A Case of Cytomegalovirus-associated Giant Gastric Ulcer in a Patient Who Healed by Discontinuing Immunosuppressive Therapy.
10.7704/kjhugr.2015.15.1.44
- Author:
Jun Young SHIN
1
;
Eun Jung KO
;
Byoung Wook BANG
;
Kye Sook KWON
;
Hyung Gil KIM
;
Yong Woon SHIN
;
Jun Mee KIM
;
Sung Ho KI
Author Information
1. Division of Gastroenterology, Department of Internal Medicine, Inha University School of Medicine, Incheon, Korea. bangbu@inha.ac.kr
- Publication Type:Case Report
- Keywords:
Cytomegalovirus;
Stomach ulcer;
Steroids;
Immunosuppressive agents;
Dermatomyositis
- MeSH:
Antiviral Agents;
Cytomegalovirus;
Dermatomyositis;
Diagnosis;
Endoscopy;
Female;
Follow-Up Studies;
Glycogen Storage Disease Type VI;
Humans;
Immunocompromised Host;
Immunosuppressive Agents;
Inclusion Bodies;
Middle Aged;
Mortality;
Proton Pump Inhibitors;
Proton Pumps;
Steroids;
Stomach Ulcer*
- From:The Korean Journal of Helicobacter and Upper Gastrointestinal Research
2015;15(1):44-48
- CountryRepublic of Korea
- Language:Korean
-
Abstract:
Cytomegalovirus (CMV) is not a rare infection and is frequently observed in immuoncompromised patients. CMV infection is usually asymptomatic in immunocompetent patients however it can be a major cause of morbidity and mortality in immunocompromised patients. The diagnosis of CMV gastric ulcer is not easy because of the absence of characteristic endoscopic features and the difficulty in the identification of infection by routine histologic examinations. We experienced a case of CMV-associated giant gastric ulcer in a patient receiving immunosuppressive therapy. She was a 45-year-old woman with dermatomyositis and had received steroid therapy to control her disease. Epigastric pain developed during therapy and upper endoscopy revealed a gastric ulcer. Despite proton pump inhibitor therapy, her epigastric pain aggravated and follow-up endoscopy revealed a huge gastric ulcer approximately 10 cm in diameter.
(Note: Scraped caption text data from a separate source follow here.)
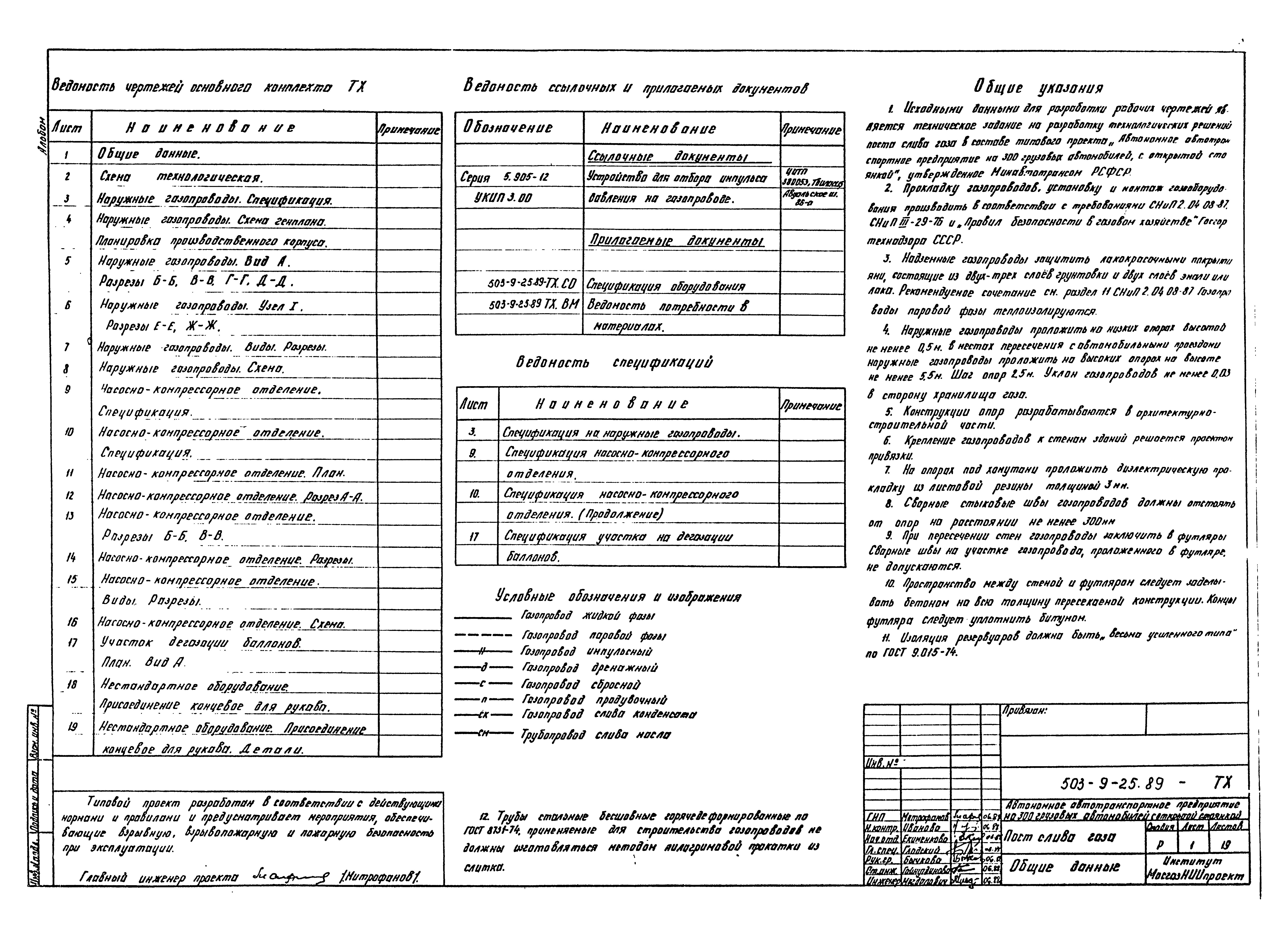 Типовой проект 503-9-25.89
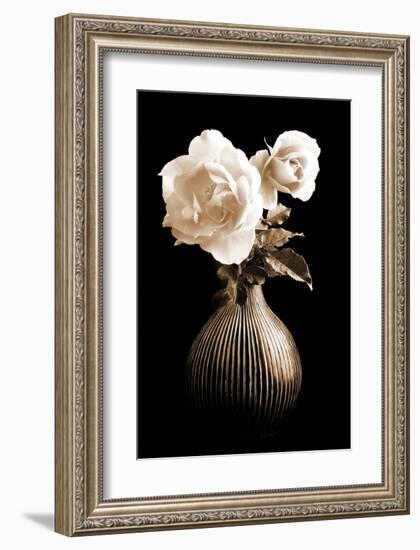 Lighted White Roses-Christine Zalewski-Framed Art Print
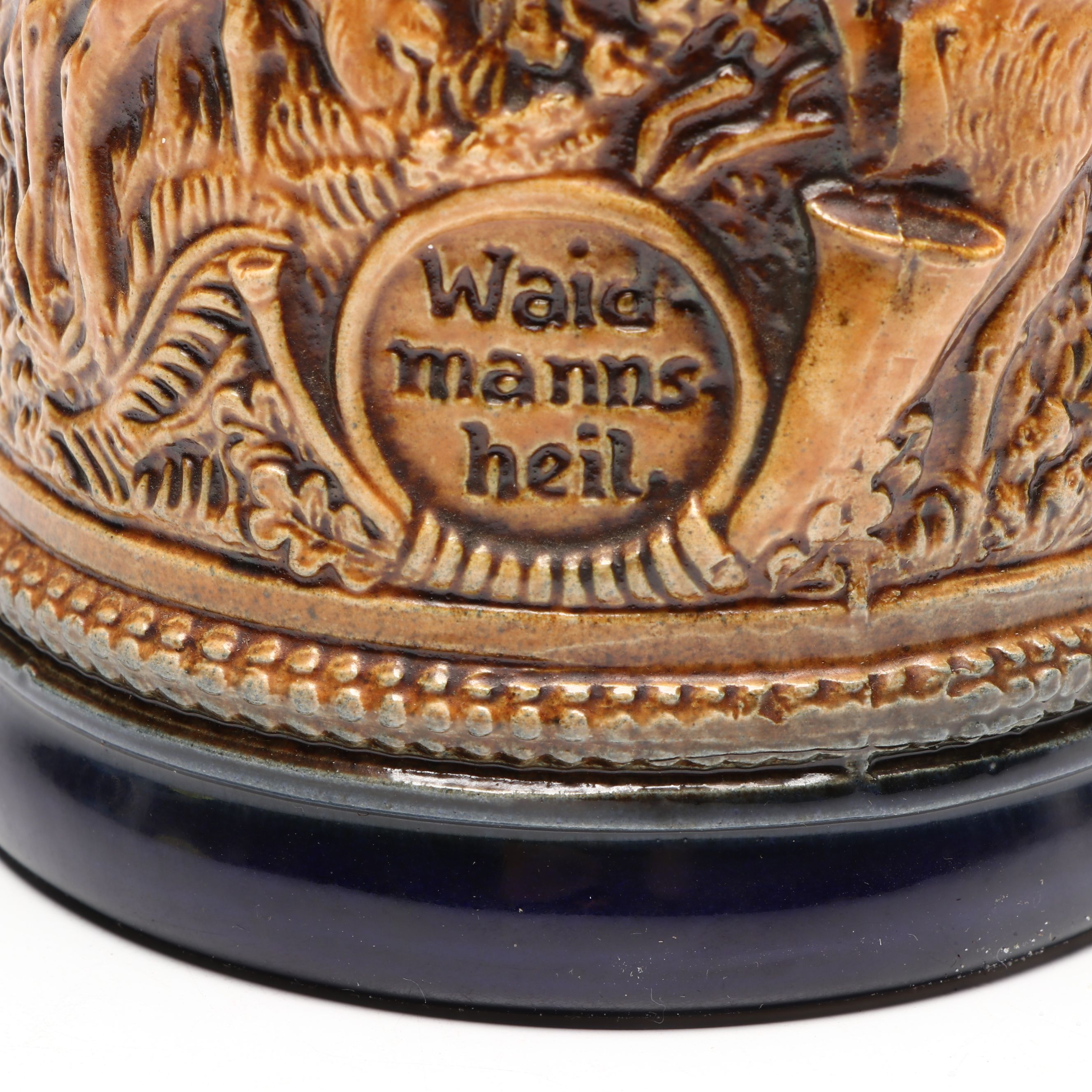 Gerz Salt Glazed Stoneware Beer Stein, Mid to Late 20th Century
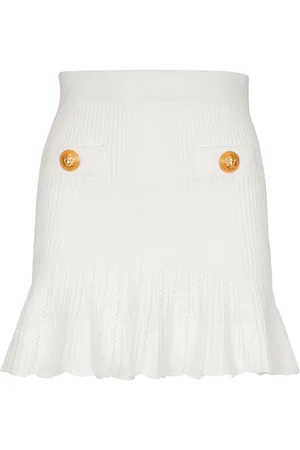 Balmain Falda corta con diseño tejido
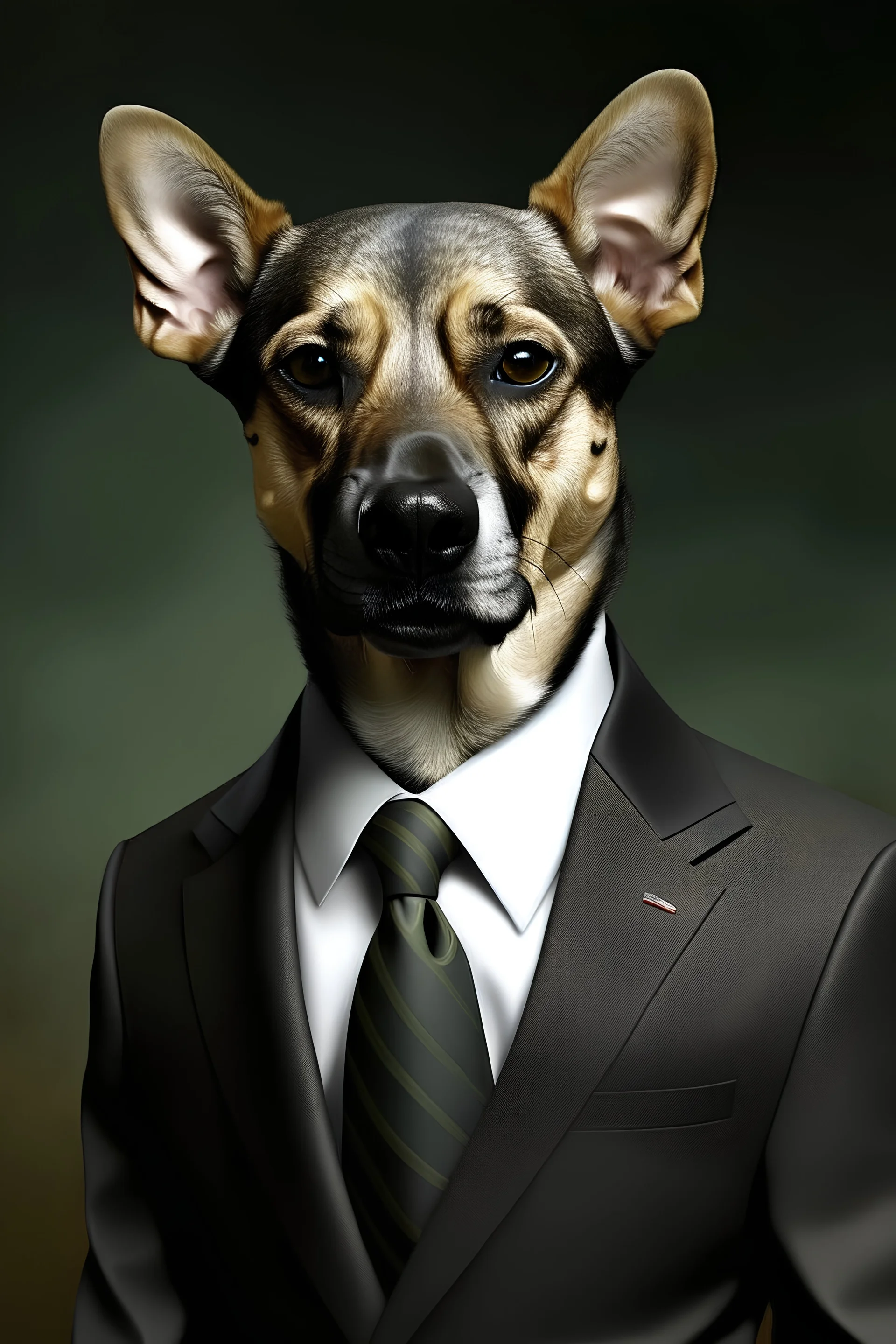 obama as a dog in a suit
Histologic findings showed intracellular inclusion bodies after immunostaining which confirmed CMV-associated gastric ulcer. Steroid therapy was discontinued and she received proton pump inhibitors without antiviral agents. Her symptoms improved and follow-up endoscopy revealed successful healing of the CMV-associated gastric ulcer. If an unusual gastric ulcer develops in the immunocompromised patients, CMV gastric ulcer should be suspected and examination for inclusion bodies using CMV immunostaining should be considered.